The stampede out of equities has driven investors towards safe haven assets such as the Japanese yen -- a currency that has risen sharply this year as its appeal grows whenever risk appetite wanes. With the financial crisis expected to intensify, analysts are now expecting further support for the low-yielding yen. Just how much higher can it go against the U.S. dollar?
In the FX market, technical analysis provides very good solutions for short term trending and rally behaviour. It is an effective traders tool. Broader currency movements are heavily influenced by political considerations and politics does not fit well with technical analysis.
These caveats are relevant when we look at the JPY-USD daily chart. The feature that jumps off the chart is the rounding pattern that started in March 2008. It's not a perfect pattern.
The blip above the upper edge of the pattern in August must be considered when assessing the reliability of the pattern. The retreat away from the pattern line in November also reduces compliance with the pattern. When price activity matches the chart pattern construction exactly then we have a high level of confidence in the pattern targets. The greater the non-compliance with the perfect chart pattern, the lower the level of reliability for the pattern targets.
Additionally a rounding top pattern develops at the top of a trend rise. This rounding pattern develops as part of a retreat that started in mid-2007. There are many features suggesting our analysis should be applied with caution.
The rounding top is a long term trend reversal pattern. In stocks and Indices it is used to set minimum downside targets as we have discussed in previous columns when analysing the activity on the S&P 500. When we apply this same analysis method to the JPY-USD daily chart it delivers a downside target near 83. We use two separate approaches to validate the targets.
The lip of the rounding top is located near 96. The rounding top pattern is invalidated by a sustained rise above 96 that is outside the round top trend line. Increments above 96 inside the rounding top pattern are not important. The pattern is invalidated when price moves above the curved trend line used to define the rounding top. A move above 96 under these conditions sets an initial upside target near 102.

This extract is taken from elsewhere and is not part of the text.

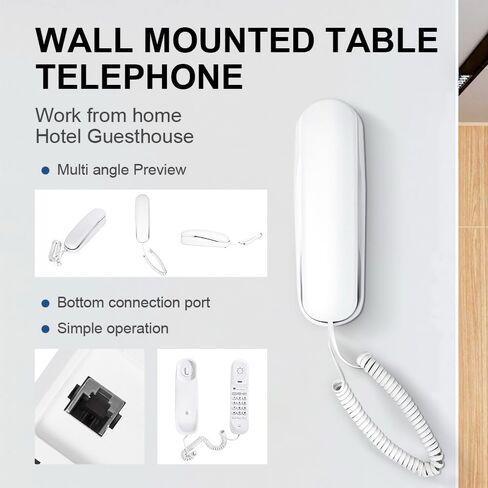 نغمة رنين بحجم قابل للتعديل OF-990 هاتف Slimline هاتف سلكي أساسي قابل للتثبيت على الحائط لا يتطلب طاقة تيار متردد، هاتف منزلي سلكي in Saudi Arabia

A retreat away from 96 confirms resistance at 96 and the strength of the rounding top pattern. The downside chart pattern projection target near 83 is assessed against historical support activity. When the projected target matches previous support activity it increases the reliability of the target projection.
When we shift view to a monthly chart the landscape between support around 102 and 83 is bleak. There is minor support near 86. In 1995 the JPY-USD chart dipped to 80. It was part of an inverted head and shoulder pattern. The neckline for this inverted pattern was at 96. This is the same level as the base of the rounding top pattern on the current daily chart.
The pattern of historical activity suggests there is a high probability the JPY-USD will move towards 86. The chart pattern analysis suggests a temporary dip towards the target level of 83. Historical activity suggests a rapid spike low towards 80 is also possible. The chart pattern is not perfect, but its bearish significance cannot be ignored. There is a high probability of a test of historical support near 86.